Míguez agrega otra intuición fundamental: “Unos y otros [los/as militantes de segunda y tercera generación] necesitamos a los historiadores para que nos permitan recuperar la continuidad y sentido de las ‘historias’, entender la dirección y el propósito de las ‘peculiaridades’, reconstruir el mundo en el que vivieron nuestros padres para poder verlo; no sólo desde la distancia de nuestros propios códigos ideológicos, sino desde la vida cotidiana de su propio tiempo”. Por ello, los historiadores/as propios han debido desprenderse de conceptos establecidos, aplicables de distinta manera a la situación propia, como sucede con el de
secularización que, enfrentada al ambiente mexicano, ya no funciona igual, especialmente por las ambigüedades de los gobiernos para aplicar las leyes en materia religiosa.

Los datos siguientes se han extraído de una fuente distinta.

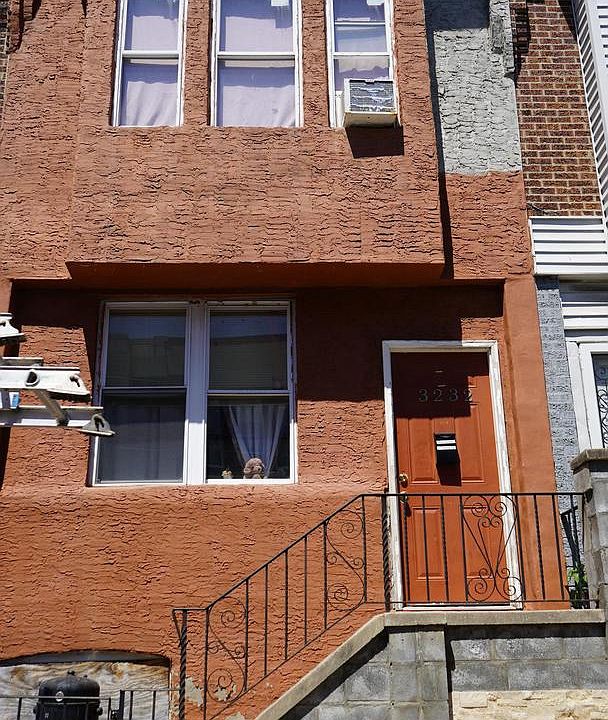 1st image of 3232 N Newkirk St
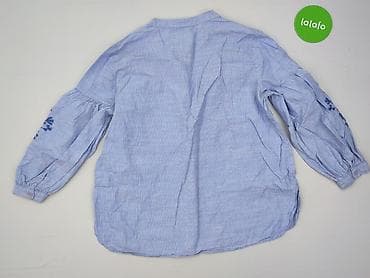 big star sweter: Big Star, Bluzka damska, rozmiar M — 3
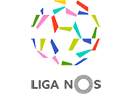 Лига Португал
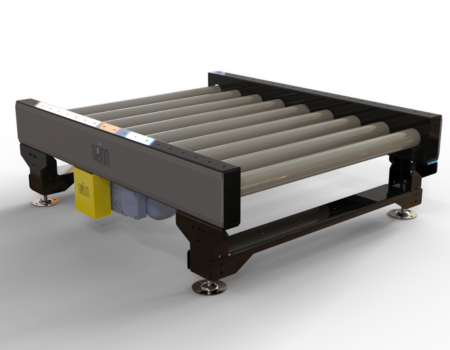 product-auto-slider 2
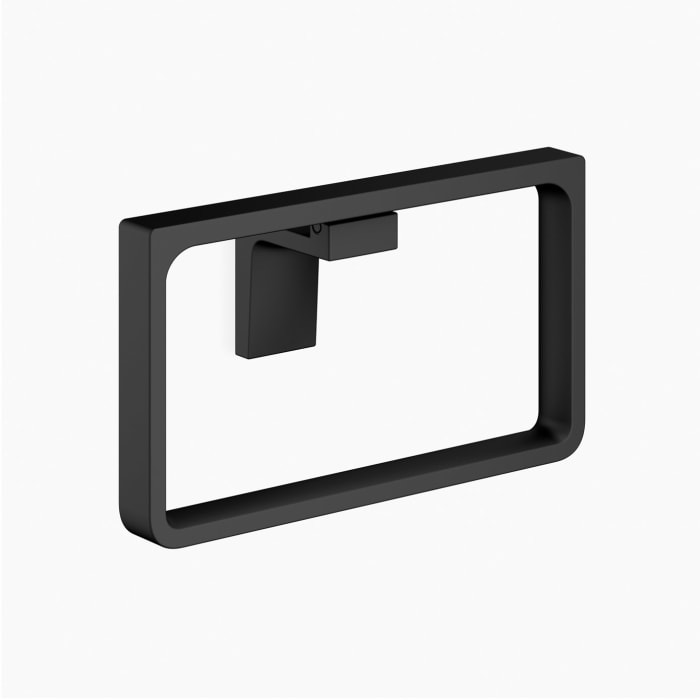 Dornbracht IMO Handtuchring
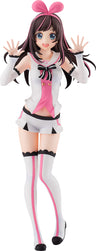 A.I.Channel - Kizuna Ai - Pop Up Parade (Good Smile Company)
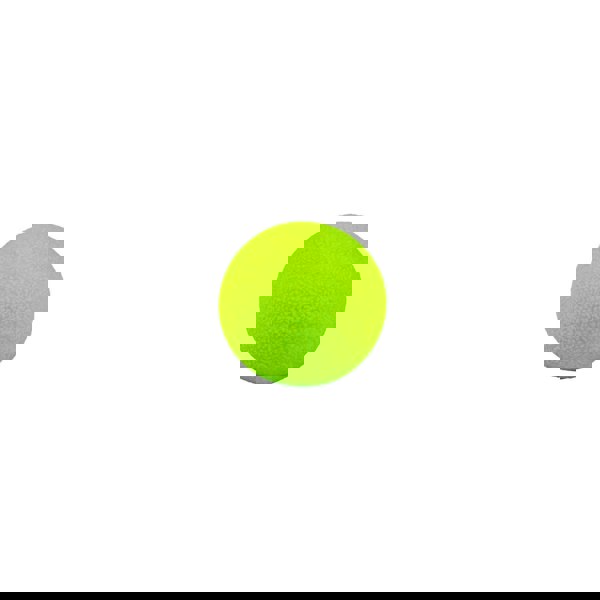 Fitness Mad Hand Grip Strengthener Ball - Green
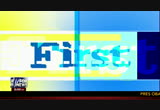 FOX and Friends First : FOXNEWSW : April 5, 2013 2:00am-3:00am PDT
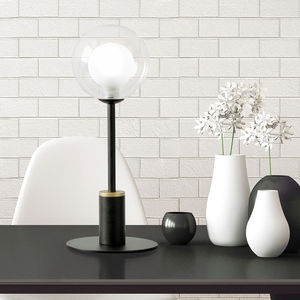 table lamp 1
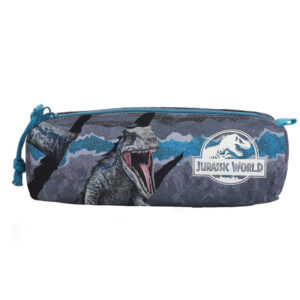 Jurassic World Astuccio Cyp Brands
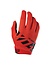 "Color: Red/Black","Size: XLarge"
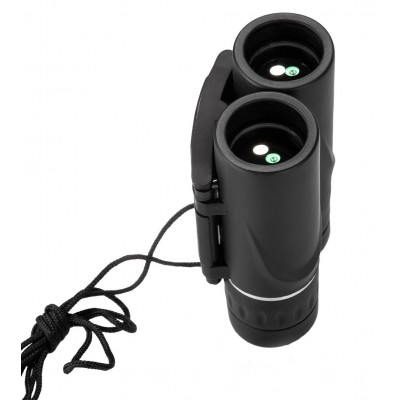 Бинокль Helios 8х22 Бинокль Helios 8х22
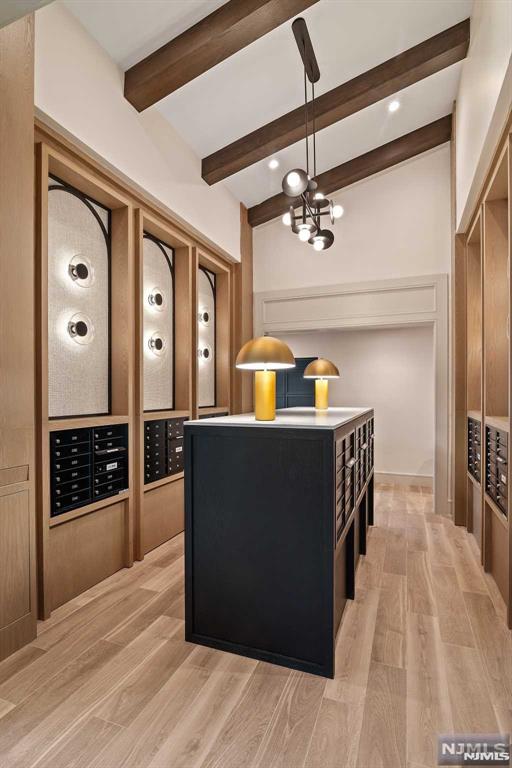 18 Park Avenue 1234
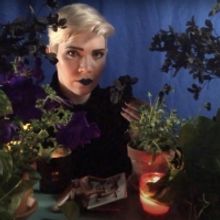 THE LOST GARDEN Benefit Fundraiser to Take Place For NYC's Immersive Theater Workers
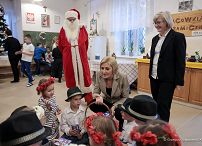 05_Agata_Kornhauser_Duda_TPD_Mokotow_20231201_GJB_8450_1.jpg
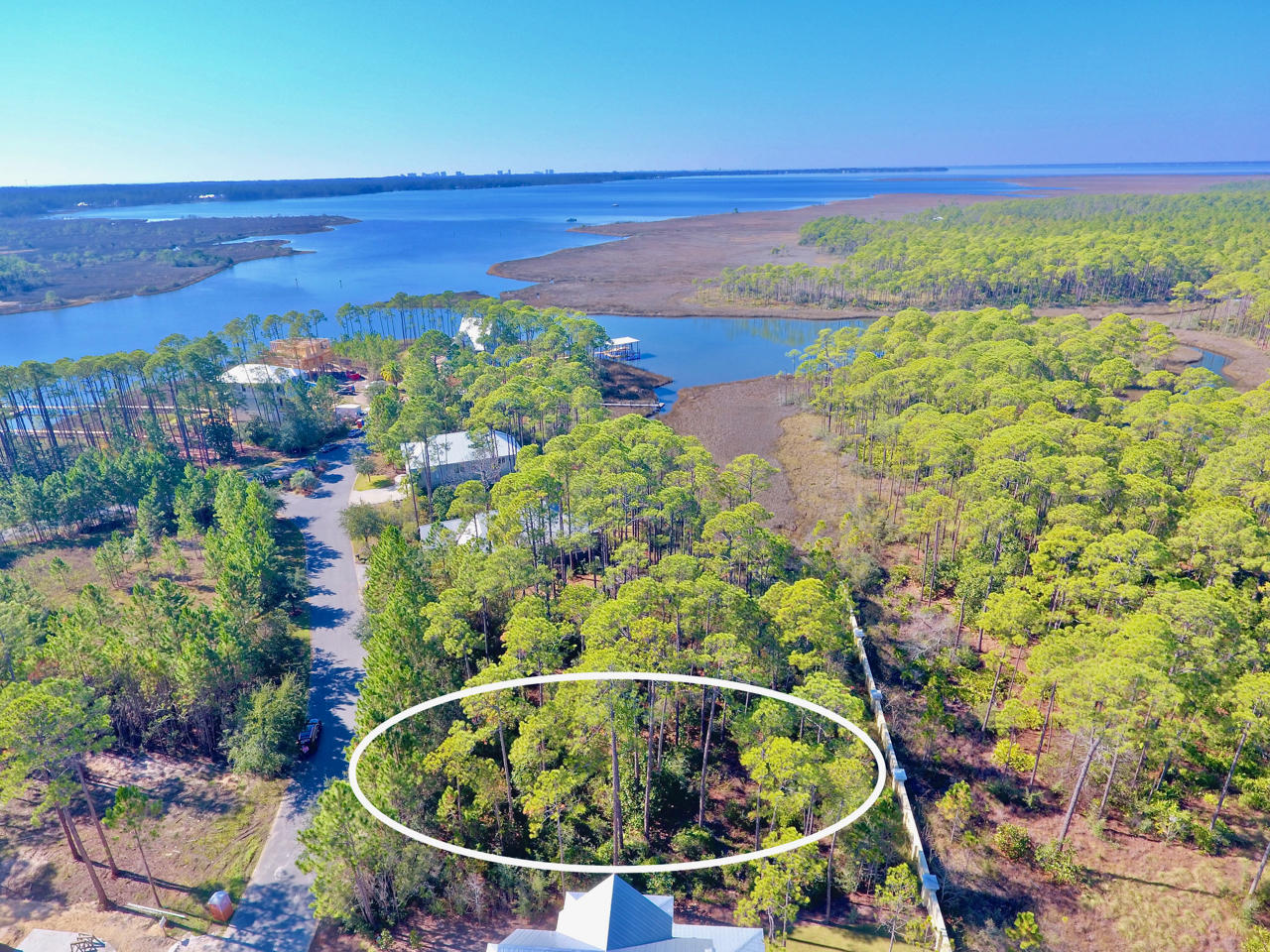 CESSNA LANDING - Land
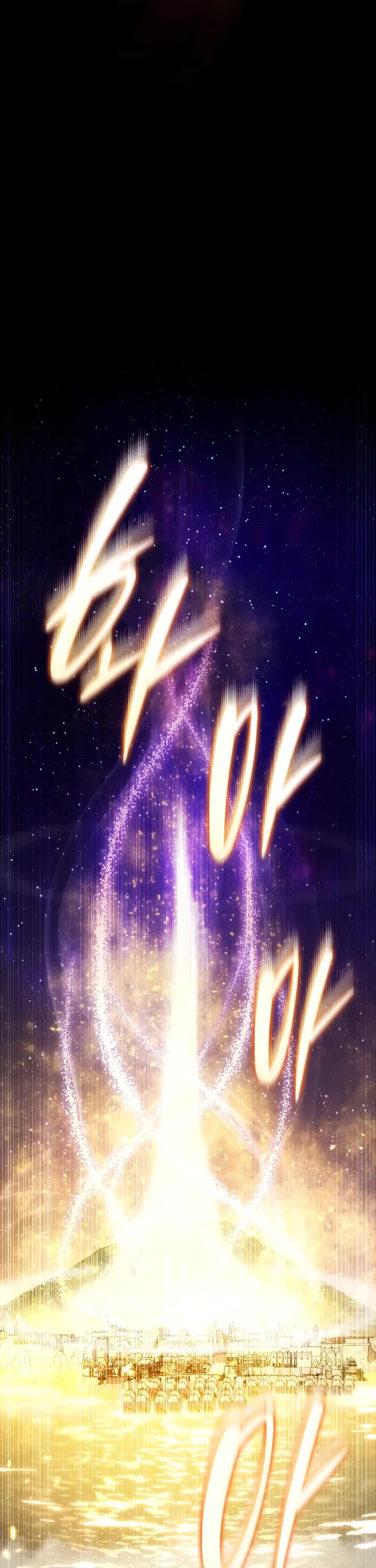 Swordmaster’s Youngest Son chapter 178 page 38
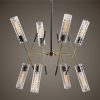 Люстра UTTERMOST Telesto
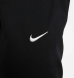 Штани чоловічі Nike Track Club (FB5503-010), XL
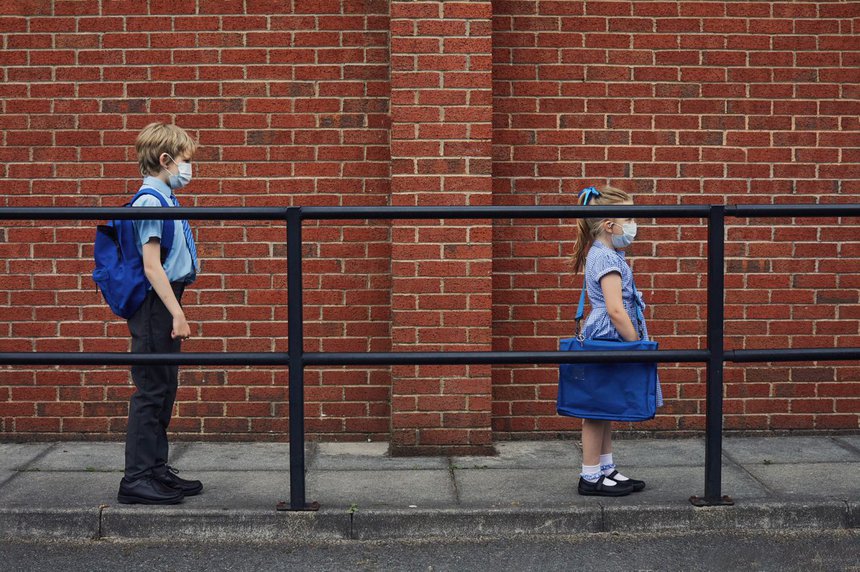 Children-queue-school-COVID.jpg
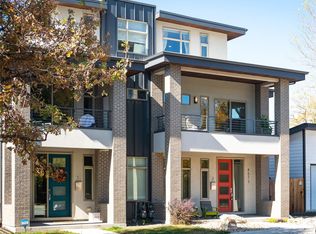 4573 Stuart St #2, Denver, CO 80212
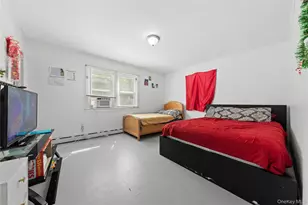 16 Edwards Ave, Calverton, NY 11933 - Photo 6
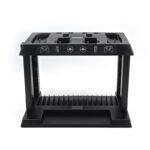 Charging Holder for N-Switch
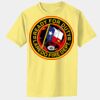 Infant Core Cotton Tee Thumbnail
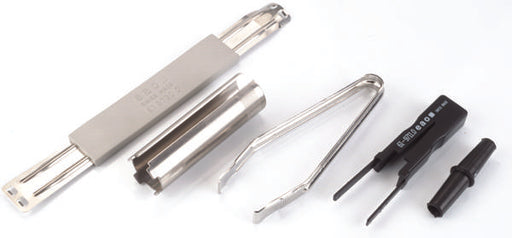 EAO 61-9711.0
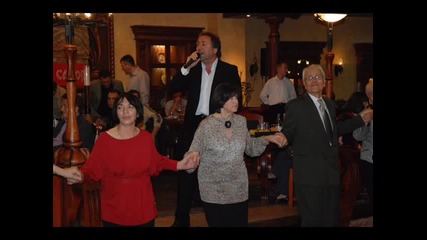 Marinko Rokvic - Ti si kriva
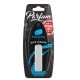 Paloma Parfum illatosító - Blue Lagoon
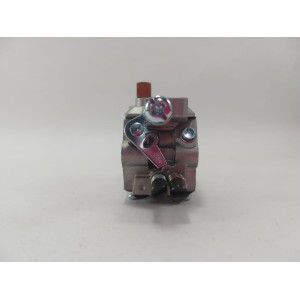 Carburador ECHO CS-510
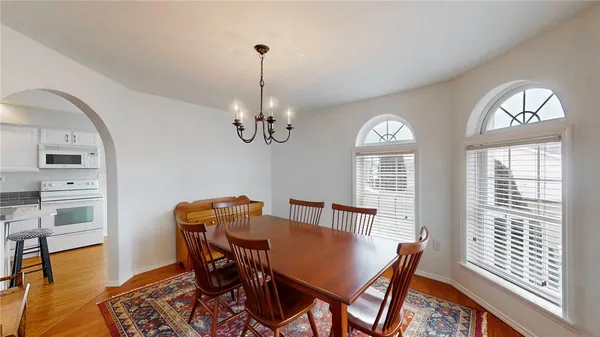 $179,500 | 6679 Daffodil Drive, Bath, NY 14810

Eso ha sido muy claro en los últimos dos sexenios, de orientación abiertamente filocatólica.
Reconstruir esta historia mediante el estudio de nombres entrañables, circunstancias y épocas ya idas en las que, según se dice, “se supo bien qué hacer”, obliga a asumir horizontes críticos que, obviamente, pueden irritar a los espíritus dominados por el triunfalismo eclesiástico, por lo que las celebraciones institucionales de algunas iglesias no siempre promueven un revisionismo histórico en el que las nuevas generaciones pueden no solamente “aprender la experiencia” de sus mayores sino que, además, les permita ingresar al pasado con recursos nuevos y, eventualmente, transformadores.
El atrevimiento de los jóvenes historiadores enfrenta, de manera casi natural, la oposición de quienes resisten el impacto de las evidencias y en ocasiones deben buscar espacios académicos neutrales para realizar su labor. Es lo que ha estado sucediendo en los últimos años, cuando en diversas universidades públicas se han publicado tesis sumamente atendibles.
Los trabajos de investigadores como Ariel Corpus, Deyssy Jael de la Luz García, Penélope Ortega, Raúl Méndez y Hugo Daniel Sánchez abren nuevos rumbos para el abordaje histórico e interdisciplinario de la presencia protestante.
El historiador costarricense (también ya finado) Arturo Piedra y otros estudiosos se han preguntado hacia dónde va el protestantismo en estos tiempos tan distintos a los que conocieron los pioneros/as.
[2]Desde su propia experiencia como fruto de una misión extranjera tradicionalista, Piedra demostró la posibilidad de desmontar creencias y actitudes, como lo hizo con la evangelización, cuya comprensión tan limitada sigue permeando las mentalidades de amplios grupos y denominaciones.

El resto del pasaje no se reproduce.